Dataset entries
========================================================================

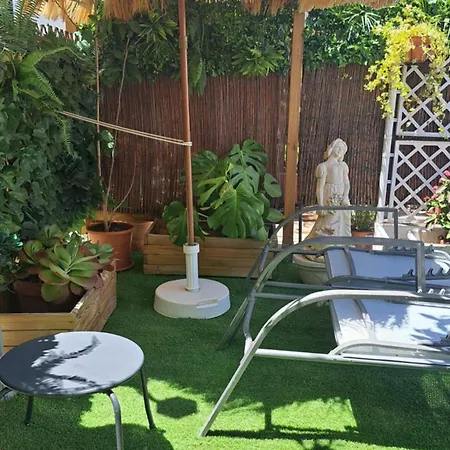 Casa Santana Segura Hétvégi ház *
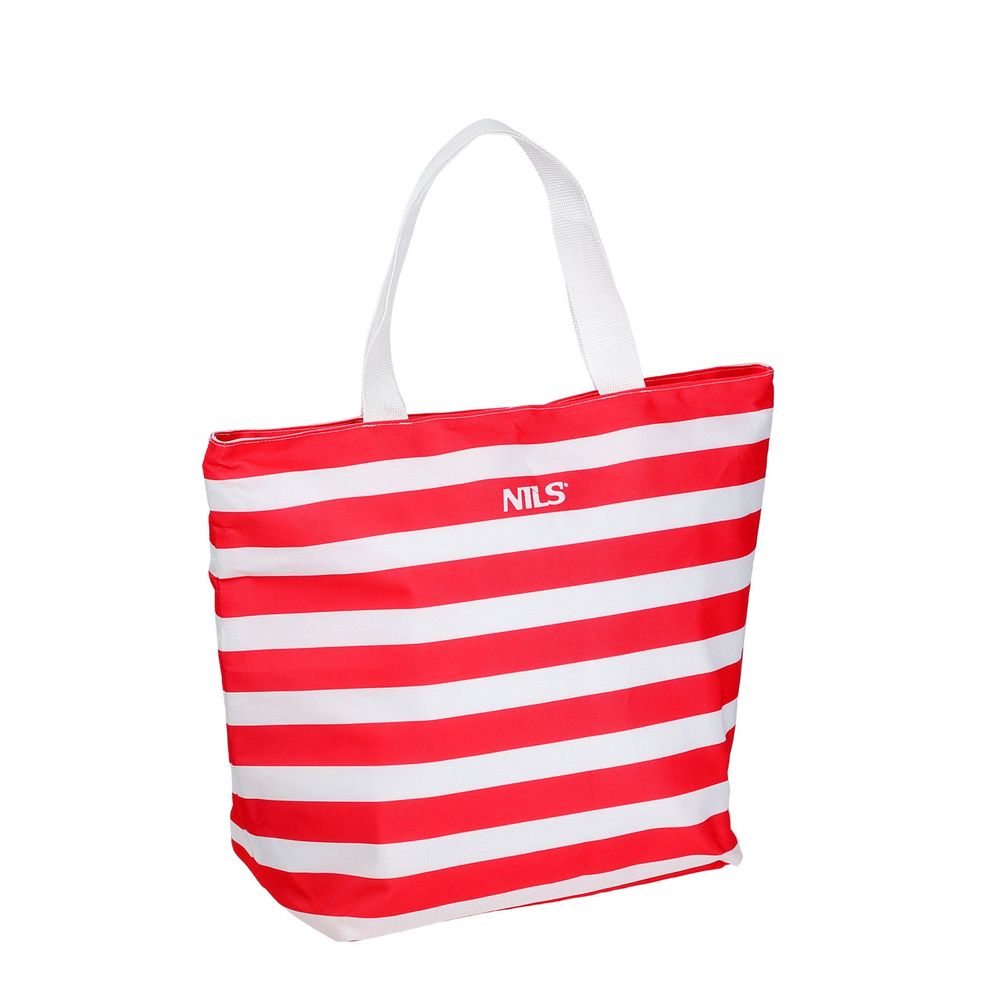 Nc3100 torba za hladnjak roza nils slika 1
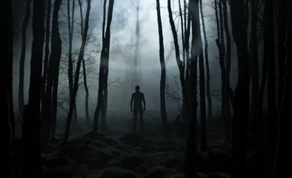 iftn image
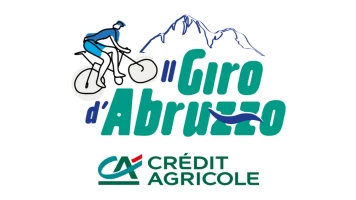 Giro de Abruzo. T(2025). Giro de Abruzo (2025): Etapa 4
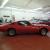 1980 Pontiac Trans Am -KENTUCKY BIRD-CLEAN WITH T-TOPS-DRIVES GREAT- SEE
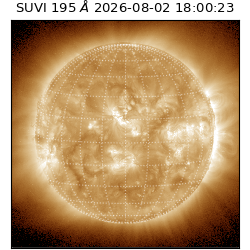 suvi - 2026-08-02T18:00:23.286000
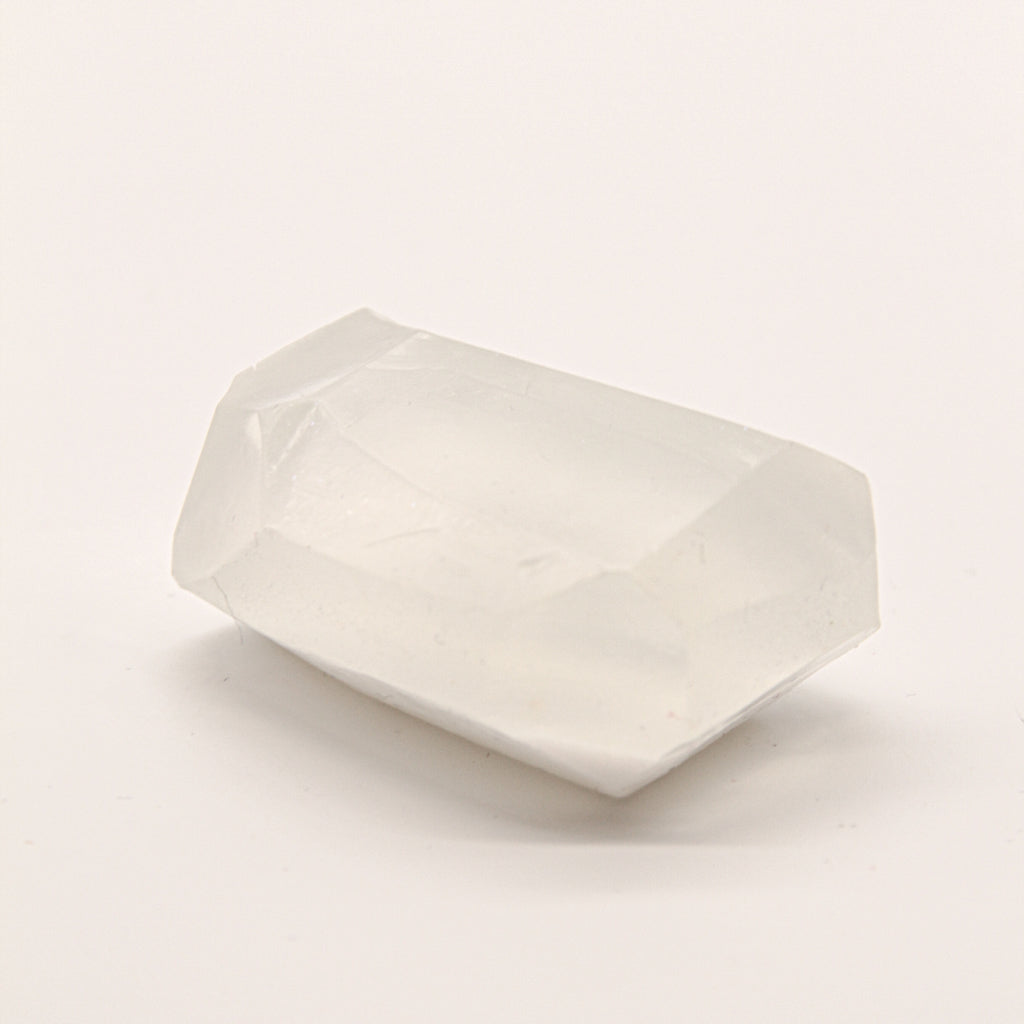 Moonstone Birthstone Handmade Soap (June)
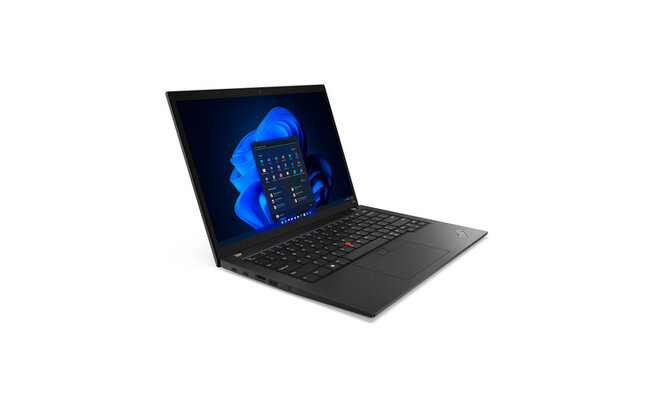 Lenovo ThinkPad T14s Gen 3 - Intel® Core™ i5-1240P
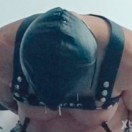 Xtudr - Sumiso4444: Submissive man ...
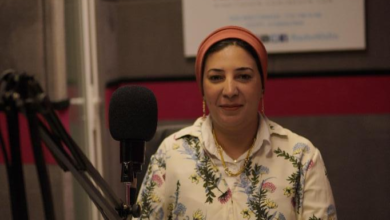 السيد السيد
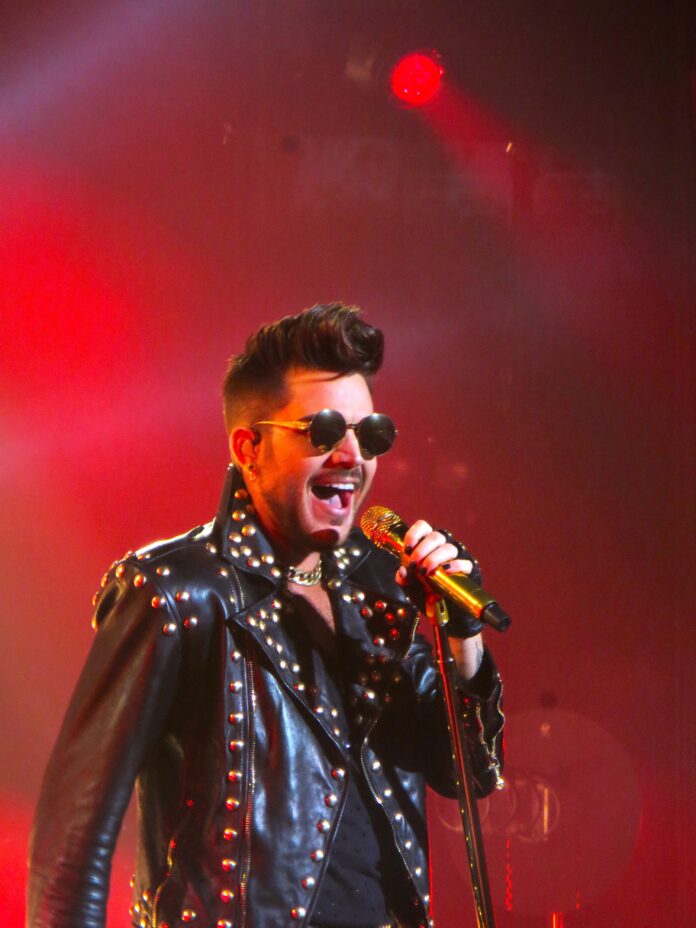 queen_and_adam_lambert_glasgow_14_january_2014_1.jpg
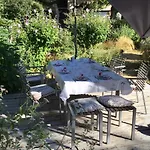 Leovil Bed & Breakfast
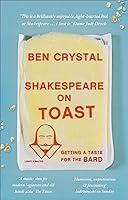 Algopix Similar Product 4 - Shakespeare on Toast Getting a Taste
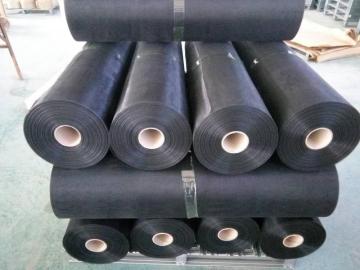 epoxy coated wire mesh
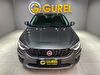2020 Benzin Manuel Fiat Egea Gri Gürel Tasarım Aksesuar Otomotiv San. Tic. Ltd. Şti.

========================================================================

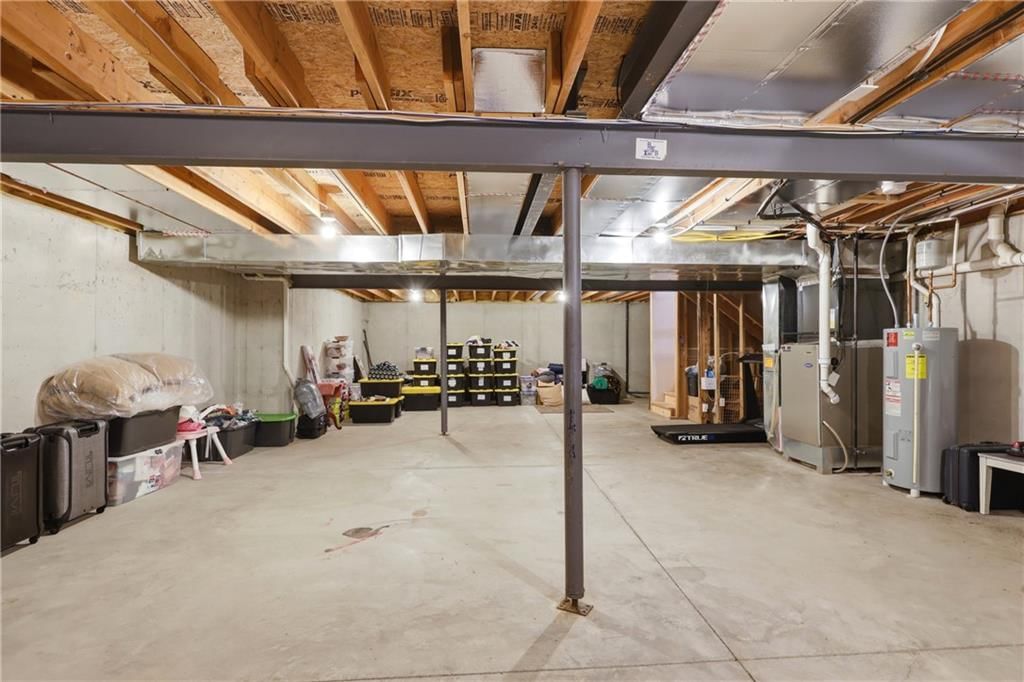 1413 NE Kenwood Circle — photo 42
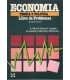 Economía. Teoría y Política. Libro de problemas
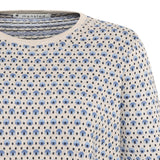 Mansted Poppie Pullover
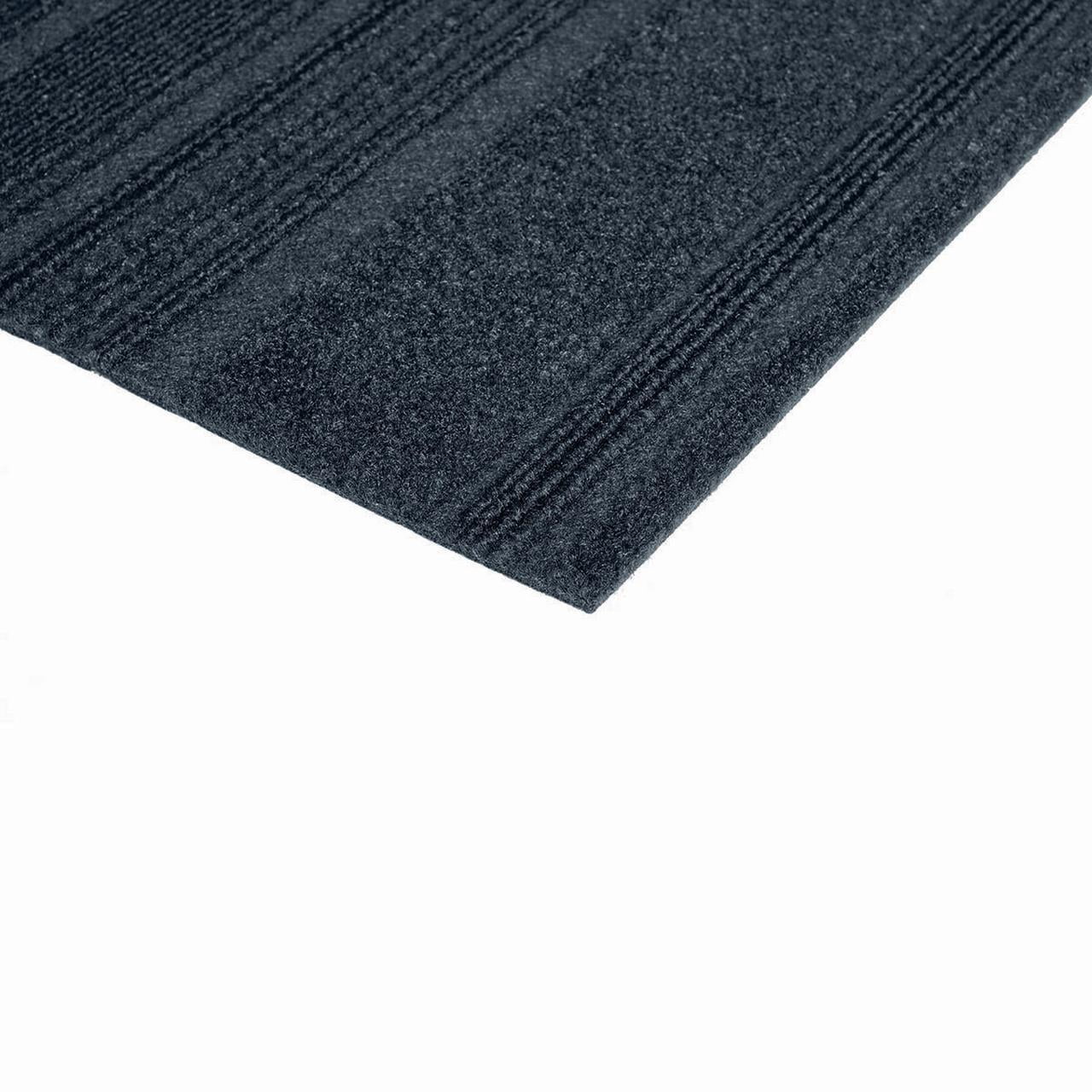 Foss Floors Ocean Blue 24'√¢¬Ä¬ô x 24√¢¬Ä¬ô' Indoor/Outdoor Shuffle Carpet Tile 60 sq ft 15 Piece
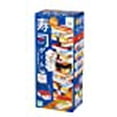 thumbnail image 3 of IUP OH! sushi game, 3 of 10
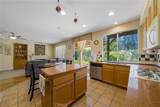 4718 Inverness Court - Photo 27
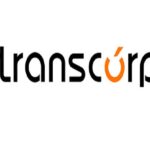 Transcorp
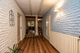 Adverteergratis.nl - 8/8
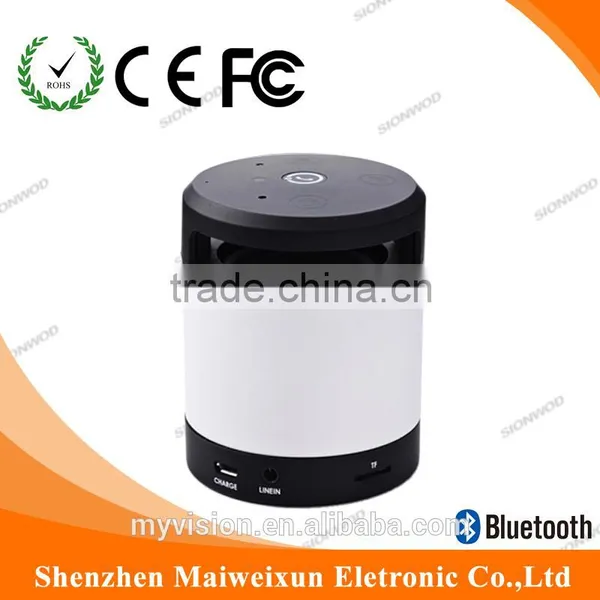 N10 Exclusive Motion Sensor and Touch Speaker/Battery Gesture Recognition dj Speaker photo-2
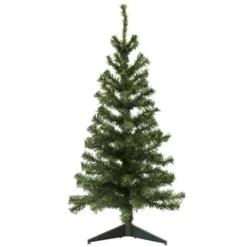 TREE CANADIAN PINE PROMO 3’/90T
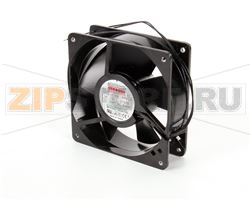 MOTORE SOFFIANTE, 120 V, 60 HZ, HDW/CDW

========================================================================

Activity
Starting at the line containing "epoxy coated wire mesh" and stopping at the line containing "2020 Benzin Manuel", output each line exactly as it appears above. Leave out the pictures.

Response below
 epoxy coated wire mesh
2020 Benzin Manuel Fiat Egea Gri Gürel Tasarım Aksesuar Otomotiv San. Tic. Ltd. Şti.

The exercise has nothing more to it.